偶然となりに座った女性。2、3時間、興味深い自身のライフストーリーを話してくれた。

生まれは韓国。両親の家族は北朝鮮から脱北した。義務教育後、働くもすぐに結婚し、長男を出産。女性は夫や家族に尽くすことが当たり前だった韓国での生活を苦に感じ、離婚して、当時、自由の国の象徴であった米国へ3歳の長男と共に渡米。ひとまず韓国料理屋で働きながら長男を育てることに。
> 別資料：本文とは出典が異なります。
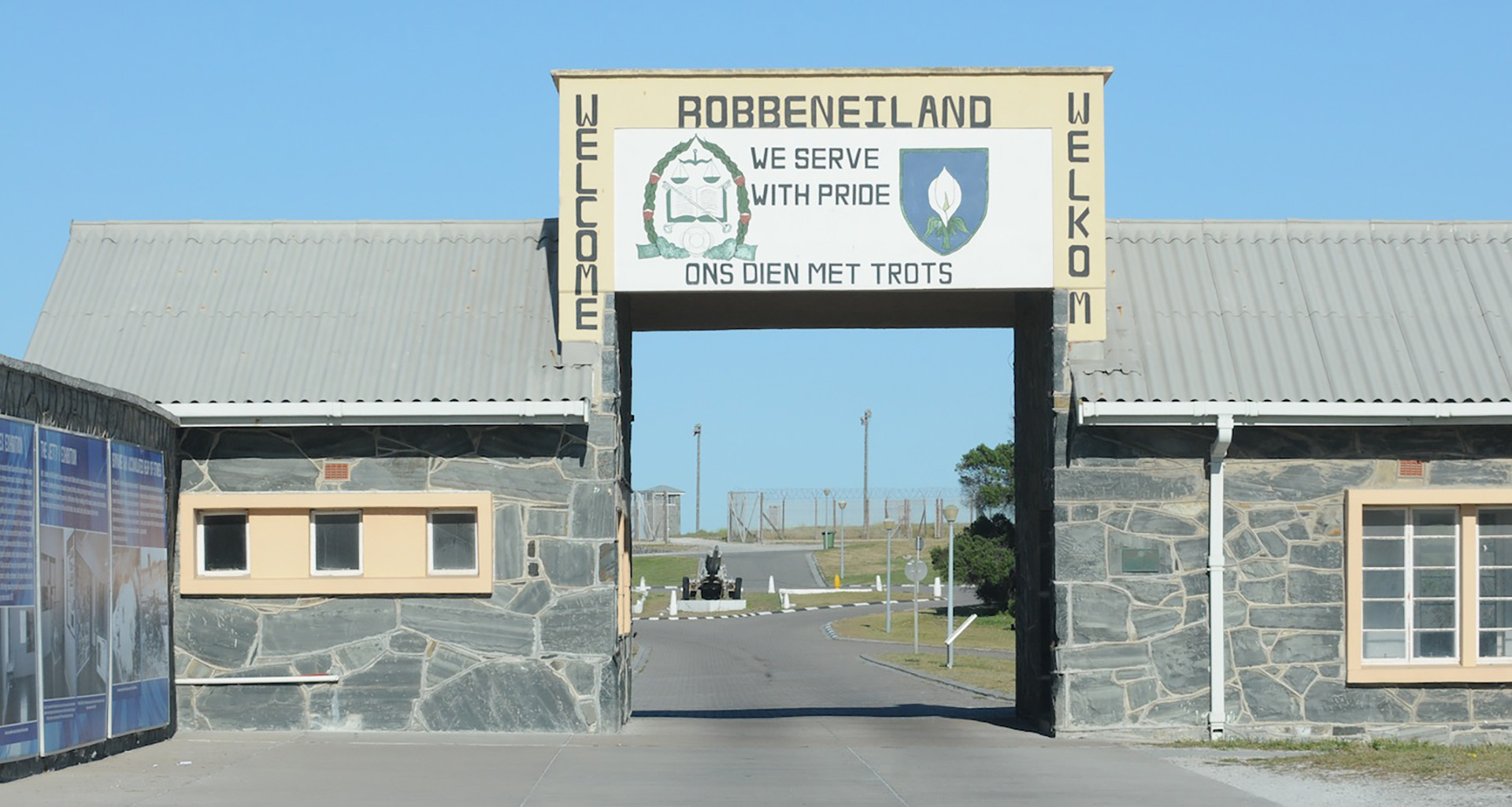 Robben Island - Slider 4 - 1920x1025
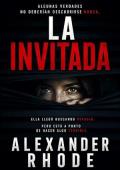 La Invitada
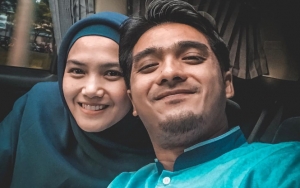Ricky Harun Komitmen Hijrah, Suami Herfiza Novianti Lebih Selektif Pilih Pekerjaan Enggan Terjebak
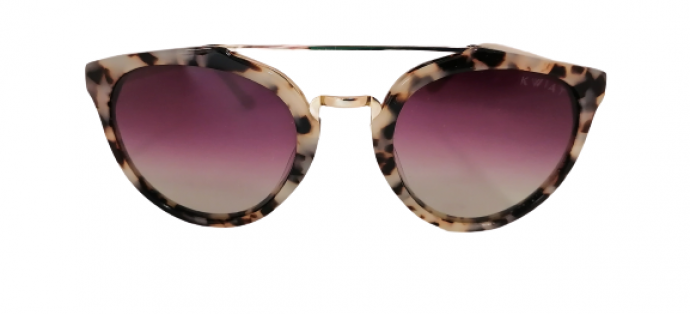 kwiat ks9552 b - galeria zdjęć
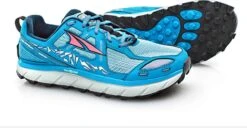Altra Lone Peak 3.5 -Vasque Store 80c8dba86cd722f3abb27a40cd243cb5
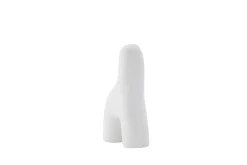 Aya Vase 9,4 cm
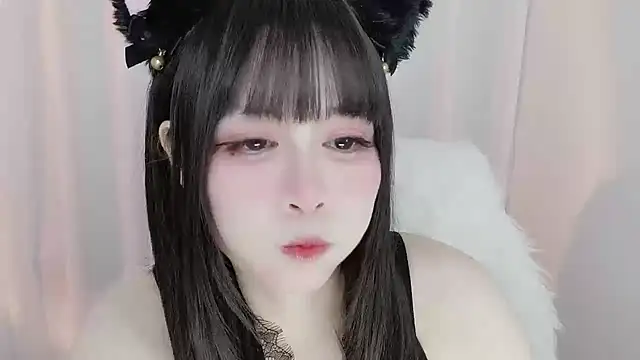 -zhuzhu-999- webcam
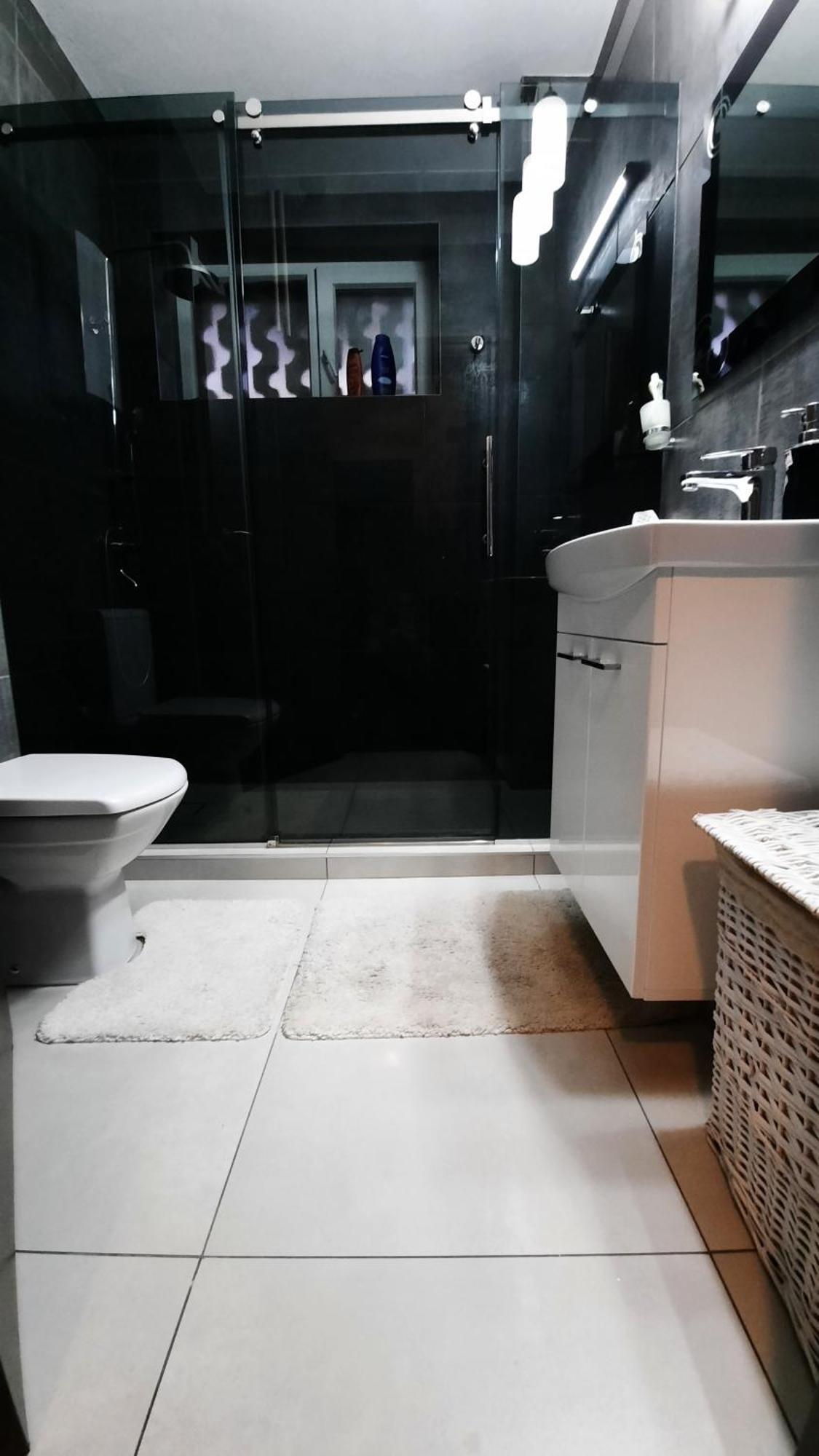 Stan Na Dan Apartman D Lux Jacuzzi Крагуевац Экстерьер фото
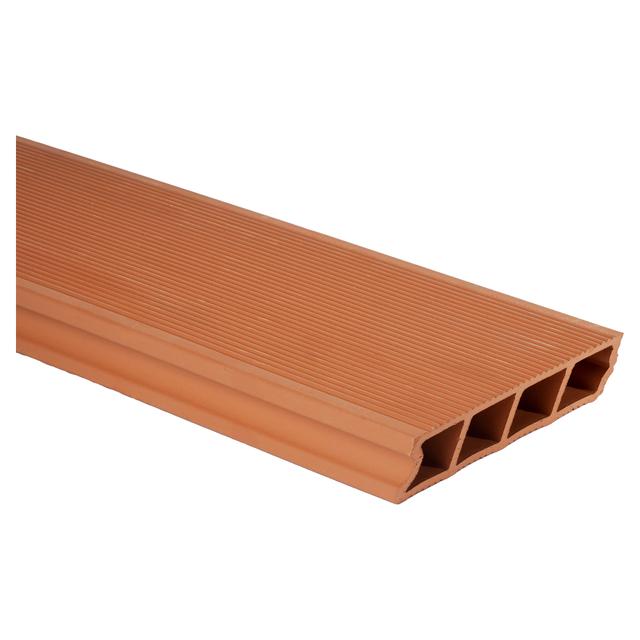 TAVELLONE 80x25x6 cm - 2 | Tecnomat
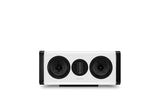 Aura C Centre Speaker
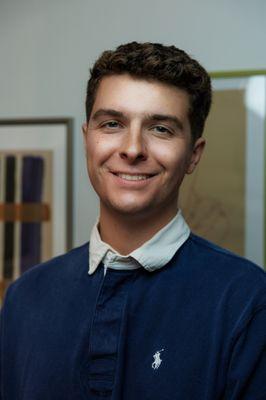 Photo of Jack B.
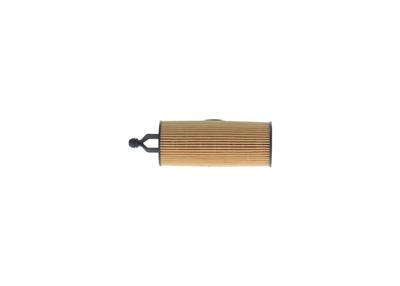 BOSCH F 026 407 354 Číslo výrobce: P 7354. EAN: 4047026652611.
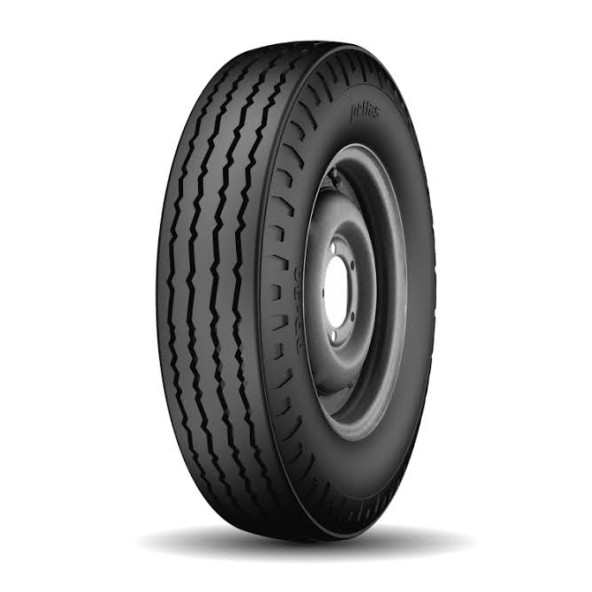 PETLAS 750-16 14 PR PD 30 2024 ÜRETİM KOLON HEDİYELİ ürün görseli 1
とある日、長男が一人で道を歩いていると「ぼうや、どこへ行くんだい?」と声を掛けてきた米国人男性。家へ向かっていること、さらには韓国から母親と渡米し暮らしていることを話すと興味を示してきた男性。結局、その後、男性は母親に英語を教えることになる。そして、その米国人男性と母親である韓国人女性は、出会ってから1年余りで結婚、長女を授かった。しかし、何かと女性を束縛しようとする夫に疲れ、離婚することに。その後、自ら韓国料理屋を経営し始めた。

その間、韓国から両親を含め、家族も次々に渡米し移住し始めた。ただ、兄に限っては韓国に残っている。その実兄、韓国では有名なテレビ番組や映画のらしい。冬のソナタにもかかわり、ヨン様とも顔見知りとのこと…。

女性は、自らの店を数年前に売り払い、今は働いていないとのこと。その代わり、たまに世界各地を旅しているらしい。ヨーロッパや南アメリカ…。長男はエンジニアとして活躍しており、医者の女性と近々結婚予定。長女は来る9月から大学へ入学予定。その長女、まだ免許を所有していないのにBMWの車を所有している。また、広い一軒家に一人暮らしをしている。すべて企業の重要な役職を担う父親からの手厚いケアによるものである。

女性は、ようやく子供について心配事もなくなり、一安心しているとのこと。以前の米国人男性との再婚を考えているらしい。

印象深い女性の一言「Now I have a American dream.」確かに、今の女性の生活はいつかのアメリカンドリームとして夢見た生活だったのだろう…。